The incident exposed Accra's vulnerability to storms, given poor drainage and weak infrastructure that has failed to keep pace with population growth after years of rapid economic expansion.
Low-wage workers struggling to get home through the storm, with roads closed and minivan buses not running, formed the bulk of those caught in the explosion, witnesses said.
Several other people were swept away by the seasonal storm in the coastal city and thousands more were made homeless as flood waters rose, officials said.
Ghana is one of Africa's most stable democracies and for years its exports of gold, cocoa and oil made it one of the continent's fastest-growing economies.

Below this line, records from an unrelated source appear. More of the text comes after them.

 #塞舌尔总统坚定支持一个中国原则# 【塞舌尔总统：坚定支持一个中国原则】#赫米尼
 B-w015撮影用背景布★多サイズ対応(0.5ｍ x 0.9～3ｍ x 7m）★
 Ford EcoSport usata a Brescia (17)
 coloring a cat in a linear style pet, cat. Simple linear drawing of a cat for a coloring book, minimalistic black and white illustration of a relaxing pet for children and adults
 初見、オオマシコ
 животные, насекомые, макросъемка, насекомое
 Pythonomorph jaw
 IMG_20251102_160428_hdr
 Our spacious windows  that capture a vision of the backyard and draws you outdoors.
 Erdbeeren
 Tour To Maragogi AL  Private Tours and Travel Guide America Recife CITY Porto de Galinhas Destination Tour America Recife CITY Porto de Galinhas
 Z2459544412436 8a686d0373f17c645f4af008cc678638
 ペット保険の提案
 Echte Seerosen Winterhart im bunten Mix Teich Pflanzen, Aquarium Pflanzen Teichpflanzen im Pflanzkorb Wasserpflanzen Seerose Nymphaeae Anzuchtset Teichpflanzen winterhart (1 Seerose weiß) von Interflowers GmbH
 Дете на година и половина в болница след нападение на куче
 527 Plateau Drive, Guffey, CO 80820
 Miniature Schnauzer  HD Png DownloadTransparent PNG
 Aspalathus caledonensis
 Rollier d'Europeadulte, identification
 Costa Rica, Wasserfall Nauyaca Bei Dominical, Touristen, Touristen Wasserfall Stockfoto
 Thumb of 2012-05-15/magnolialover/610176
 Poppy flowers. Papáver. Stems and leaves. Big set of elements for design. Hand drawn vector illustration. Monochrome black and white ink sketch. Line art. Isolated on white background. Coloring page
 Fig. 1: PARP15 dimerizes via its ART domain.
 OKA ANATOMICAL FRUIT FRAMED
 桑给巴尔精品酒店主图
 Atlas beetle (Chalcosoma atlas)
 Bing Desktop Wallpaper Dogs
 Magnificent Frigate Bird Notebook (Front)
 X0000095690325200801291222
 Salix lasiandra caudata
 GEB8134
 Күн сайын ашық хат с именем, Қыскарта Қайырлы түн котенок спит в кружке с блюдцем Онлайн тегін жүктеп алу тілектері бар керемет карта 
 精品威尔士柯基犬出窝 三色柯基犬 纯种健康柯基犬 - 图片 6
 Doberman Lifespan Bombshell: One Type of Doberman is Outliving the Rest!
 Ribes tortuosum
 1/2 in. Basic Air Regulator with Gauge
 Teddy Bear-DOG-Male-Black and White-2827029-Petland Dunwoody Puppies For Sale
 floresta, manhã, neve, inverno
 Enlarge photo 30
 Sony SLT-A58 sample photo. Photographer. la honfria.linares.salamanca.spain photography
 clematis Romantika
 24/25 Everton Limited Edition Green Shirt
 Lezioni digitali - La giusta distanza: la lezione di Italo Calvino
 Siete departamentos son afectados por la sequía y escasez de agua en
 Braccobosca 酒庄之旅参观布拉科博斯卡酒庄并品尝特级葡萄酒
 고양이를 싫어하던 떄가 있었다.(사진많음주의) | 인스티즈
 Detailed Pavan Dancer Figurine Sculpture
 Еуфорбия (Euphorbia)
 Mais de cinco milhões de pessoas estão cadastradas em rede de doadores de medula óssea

But since 2013 it has wrestled with a fiscal crisis and lower commodity prices, and growth this year is projected to fall to below the average for sub-Saharan Africa.
By morning, Ghana's security forces had doused the flames and secured the area, pegging back anxious crowds. Rescue workers wearing face masks retrieved the remaining bodies, including that of a small child, and piled them onto a truck. Some cars were still smouldering.
President John Mahama said he was heartbroken by the loss of life. He blamed the floods partly on people building homes and businesses on waterways, blocking the city's drainage systems.
"This loss of life is catastrophic and almost unprecedented," Mahama said as he visited the scene. "We must sit down and strategise to make sure this doesn't happen again."
Opposition leader Nana Akufo Addo, who also went to the site, described the disaster as a "dark day in the history of the city".
Some officials said many new Accra gas stations had sprung up without proper permits, but noted that the destroyed GOIL station had been there for years. Ghana's meteorological service forecast more rain on Thursday.